--- Problem to solve ---
Take the line containing "Personalized Bachelorette Napkins, Custom" as the first and the last line of the records below as the end, and please set down only what lies between them exactly, both ends included.

--- Stored data entries ---
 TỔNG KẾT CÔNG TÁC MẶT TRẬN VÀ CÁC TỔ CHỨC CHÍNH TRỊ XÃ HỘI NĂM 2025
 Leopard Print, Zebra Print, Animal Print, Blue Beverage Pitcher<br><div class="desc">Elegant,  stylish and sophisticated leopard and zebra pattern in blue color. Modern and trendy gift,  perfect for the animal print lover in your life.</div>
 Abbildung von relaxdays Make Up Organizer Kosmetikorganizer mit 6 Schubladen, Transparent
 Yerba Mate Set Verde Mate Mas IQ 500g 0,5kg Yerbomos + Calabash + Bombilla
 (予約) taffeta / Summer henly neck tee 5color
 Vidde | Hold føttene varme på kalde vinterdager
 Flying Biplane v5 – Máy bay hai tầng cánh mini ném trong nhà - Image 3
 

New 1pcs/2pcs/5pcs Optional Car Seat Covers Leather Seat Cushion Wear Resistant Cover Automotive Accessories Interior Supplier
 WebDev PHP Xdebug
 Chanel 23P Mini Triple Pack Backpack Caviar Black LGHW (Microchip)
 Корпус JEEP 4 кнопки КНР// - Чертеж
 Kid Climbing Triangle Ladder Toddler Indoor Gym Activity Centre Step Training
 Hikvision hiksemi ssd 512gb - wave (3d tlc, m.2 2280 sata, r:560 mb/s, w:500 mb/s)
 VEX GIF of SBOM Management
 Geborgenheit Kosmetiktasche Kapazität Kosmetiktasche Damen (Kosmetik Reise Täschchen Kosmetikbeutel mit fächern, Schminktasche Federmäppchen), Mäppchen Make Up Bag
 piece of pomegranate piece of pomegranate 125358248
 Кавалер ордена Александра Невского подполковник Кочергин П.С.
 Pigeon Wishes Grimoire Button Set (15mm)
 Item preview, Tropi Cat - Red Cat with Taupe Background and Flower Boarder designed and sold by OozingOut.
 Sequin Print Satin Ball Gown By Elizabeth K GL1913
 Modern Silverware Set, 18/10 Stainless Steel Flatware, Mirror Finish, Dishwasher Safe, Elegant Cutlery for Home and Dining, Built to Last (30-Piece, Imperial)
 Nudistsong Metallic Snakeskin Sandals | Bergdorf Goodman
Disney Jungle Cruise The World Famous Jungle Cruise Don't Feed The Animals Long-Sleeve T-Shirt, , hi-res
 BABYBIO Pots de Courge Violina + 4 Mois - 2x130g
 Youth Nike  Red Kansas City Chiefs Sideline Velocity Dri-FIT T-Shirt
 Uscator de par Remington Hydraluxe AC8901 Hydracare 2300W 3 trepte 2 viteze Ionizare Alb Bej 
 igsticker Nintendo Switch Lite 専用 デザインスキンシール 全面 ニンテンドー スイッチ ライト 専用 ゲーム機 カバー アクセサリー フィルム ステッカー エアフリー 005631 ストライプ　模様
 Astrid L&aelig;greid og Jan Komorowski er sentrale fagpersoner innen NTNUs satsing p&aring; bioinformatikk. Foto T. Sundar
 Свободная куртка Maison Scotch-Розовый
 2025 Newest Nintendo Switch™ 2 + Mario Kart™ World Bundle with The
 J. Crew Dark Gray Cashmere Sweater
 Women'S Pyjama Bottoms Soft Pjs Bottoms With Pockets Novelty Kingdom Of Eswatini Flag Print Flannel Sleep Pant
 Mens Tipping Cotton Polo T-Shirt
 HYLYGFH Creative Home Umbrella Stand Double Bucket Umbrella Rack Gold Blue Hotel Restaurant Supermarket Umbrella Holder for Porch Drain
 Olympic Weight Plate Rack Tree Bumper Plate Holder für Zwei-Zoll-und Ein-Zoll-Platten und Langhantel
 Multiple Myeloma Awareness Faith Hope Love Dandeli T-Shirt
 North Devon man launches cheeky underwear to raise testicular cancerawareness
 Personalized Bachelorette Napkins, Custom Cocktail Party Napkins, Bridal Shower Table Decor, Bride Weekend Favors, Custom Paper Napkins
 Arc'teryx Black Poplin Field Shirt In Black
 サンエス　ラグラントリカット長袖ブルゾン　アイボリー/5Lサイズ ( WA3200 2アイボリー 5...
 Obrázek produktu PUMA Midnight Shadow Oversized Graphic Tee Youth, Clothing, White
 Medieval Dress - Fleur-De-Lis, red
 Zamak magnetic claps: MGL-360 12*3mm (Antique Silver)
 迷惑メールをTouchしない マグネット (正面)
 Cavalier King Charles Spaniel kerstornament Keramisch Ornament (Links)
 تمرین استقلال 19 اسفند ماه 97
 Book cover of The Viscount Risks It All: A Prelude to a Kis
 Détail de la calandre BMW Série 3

--- Task answer ---
 Personalized Bachelorette Napkins, Custom Cocktail Party Napkins, Bridal Shower Table Decor, Bride Weekend Favors, Custom Paper Napkins
 Arc'teryx Black Poplin Field Shirt In Black
 サンエス　ラグラントリカット長袖ブルゾン　アイボリー/5Lサイズ ( WA3200 2アイボリー 5...
 Obrázek produktu PUMA Midnight Shadow Oversized Graphic Tee Youth, Clothing, White
 Medieval Dress - Fleur-De-Lis, red
 Zamak magnetic claps: MGL-360 12*3mm (Antique Silver)
 迷惑メールをTouchしない マグネット (正面)
 Cavalier King Charles Spaniel kerstornament Keramisch Ornament (Links)
 تمرین استقلال 19 اسفند ماه 97
 Book cover of The Viscount Risks It All: A Prelude to a Kis
 Détail de la calandre BMW Série 3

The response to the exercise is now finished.